(Records from a data source)
+ + + +
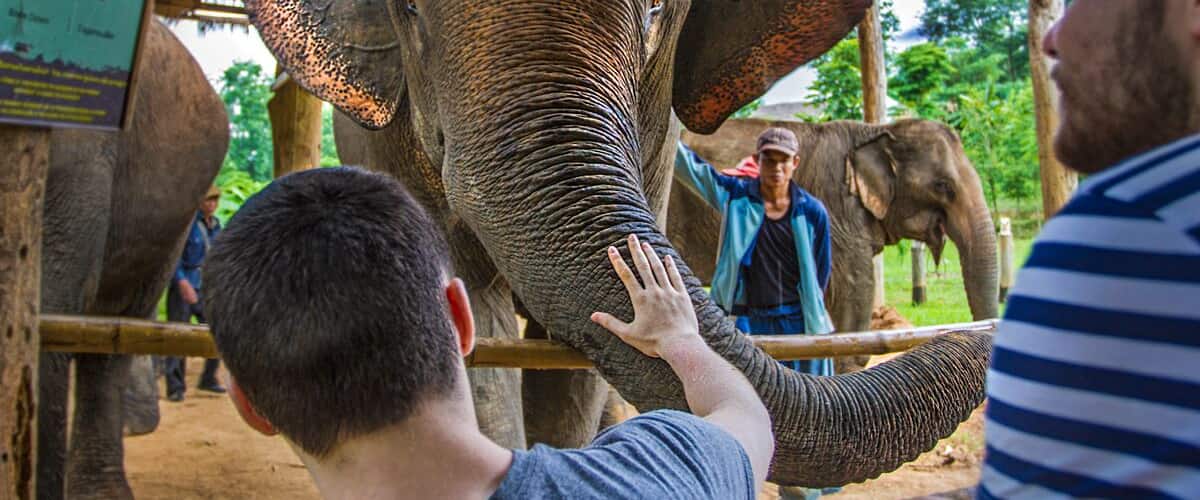 Welcome to the Elephant Conservation Center (ECC) in Laos. This center is also a lodge that has several huts you can stay in. Staying here for three days made my three week trip to Southeast Asia. By far the highlight of my trip!
They truly care about the elephants at ECC and sadly that is not something you see at all elephant camps in SE Asia.
The staff was amazing and provide an incredible atmosphere to learn about elephant conservation. I would highly recommend anyone wanting to see elephants in Asia to come here.
You can see an read more about ECC in a photo essay I wrote: http://bit.ly/1Ji7cvB
I also made a short video about their Baby Bonus Program that supports baby elephants in the area: https://youtu.be/aAonj8NF8HA
(Warning: Extremely cute baby elephant footage.)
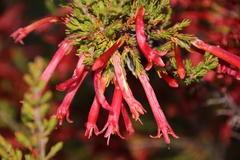 Erica curviflora curviflora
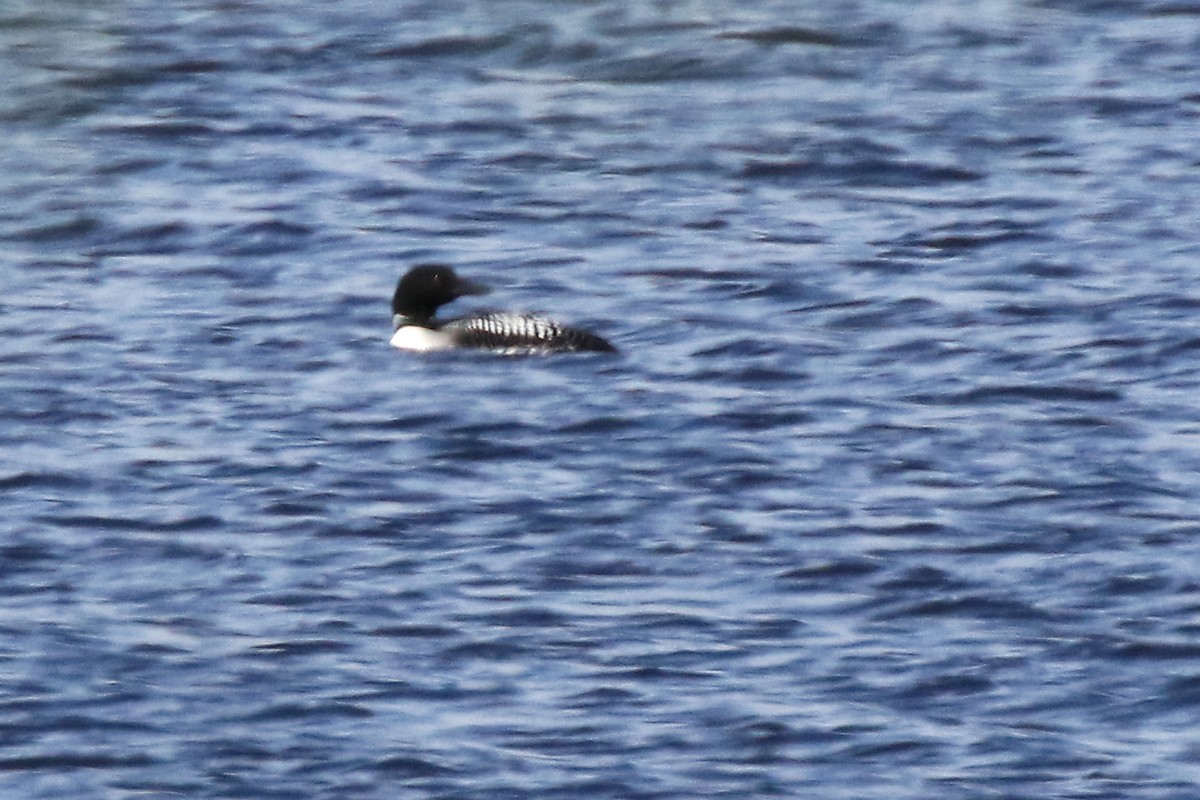 Common Loon - Marlene Cashen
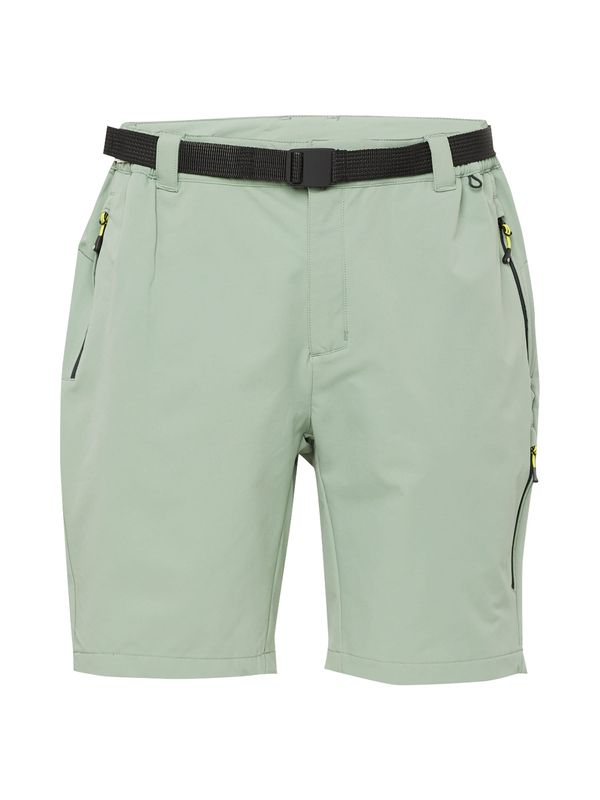 DARE2B DARE2B Outdoor панталон 'Tuned In Pro'  мента / черно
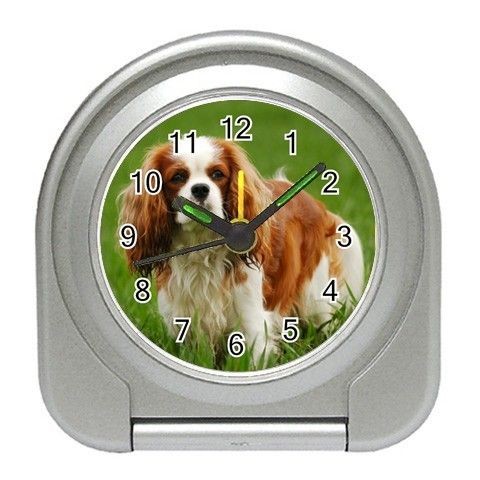 cavalier king charles spaniel in Home & Garden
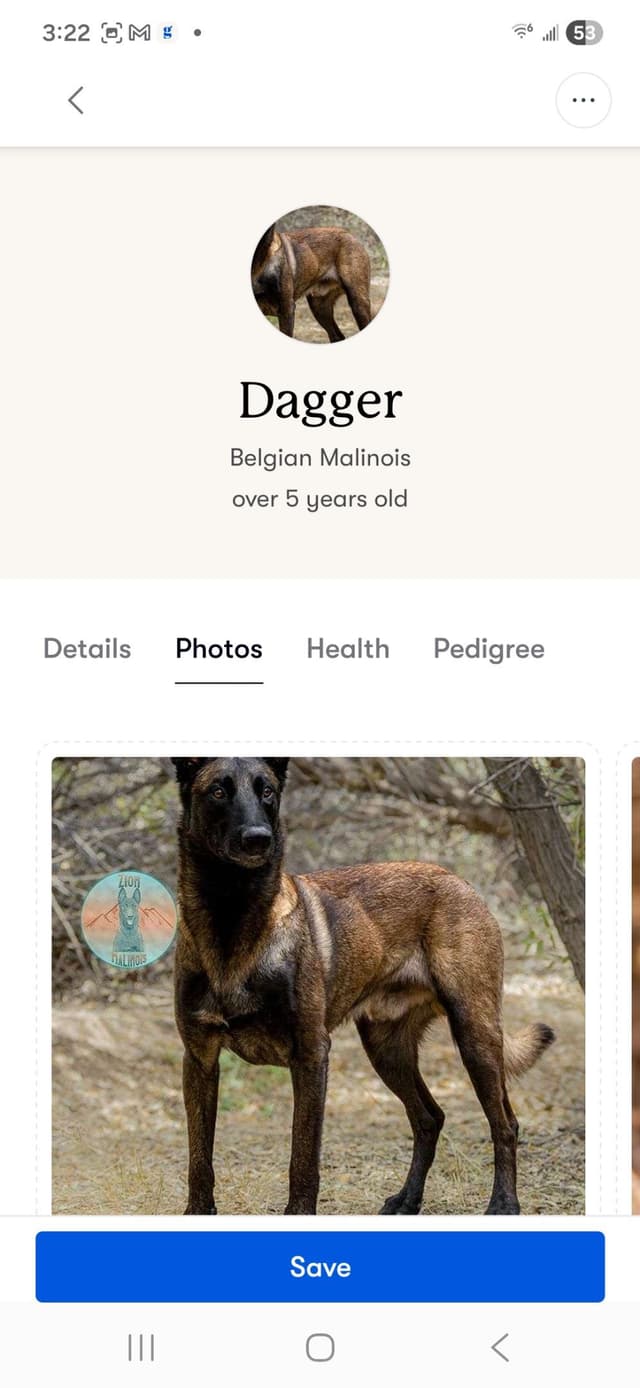 STRIKING DARK Belgian Malinois Puppies media 6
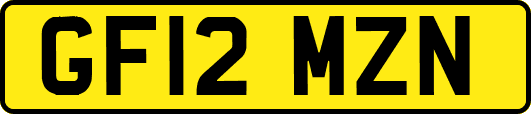 GF12MZN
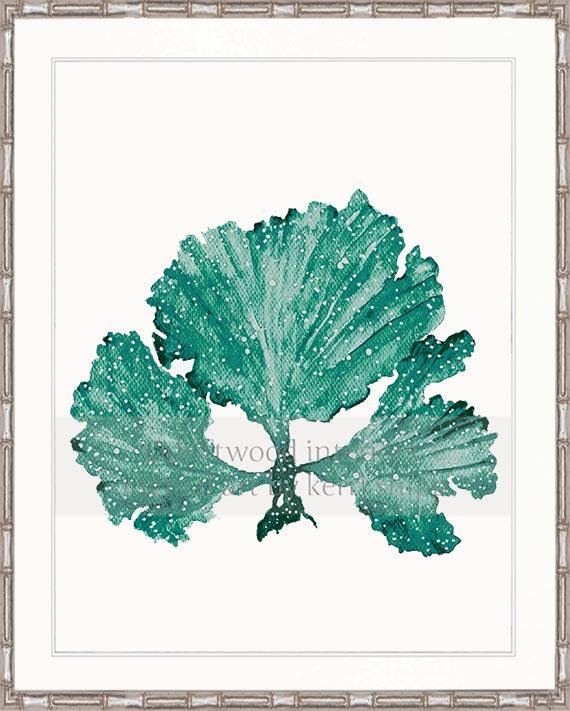 Seaweed II in Emerald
+ + + +
**Work instruction:**
Leave out each picture and extract the lines from the one containing "(Warning: Extremely cute" through the end of the records above, inclusive, exactly as they stand.

**Expected answer:**
(Warning: Extremely cute baby elephant footage.)
 Erica curviflora curviflora
 Common Loon - Marlene Cashen
 DARE2B DARE2B Outdoor панталон 'Tuned In Pro'  мента / черно
 cavalier king charles spaniel in Home & Garden
 STRIKING DARK Belgian Malinois Puppies media 6
 GF12MZN
 Seaweed II in Emerald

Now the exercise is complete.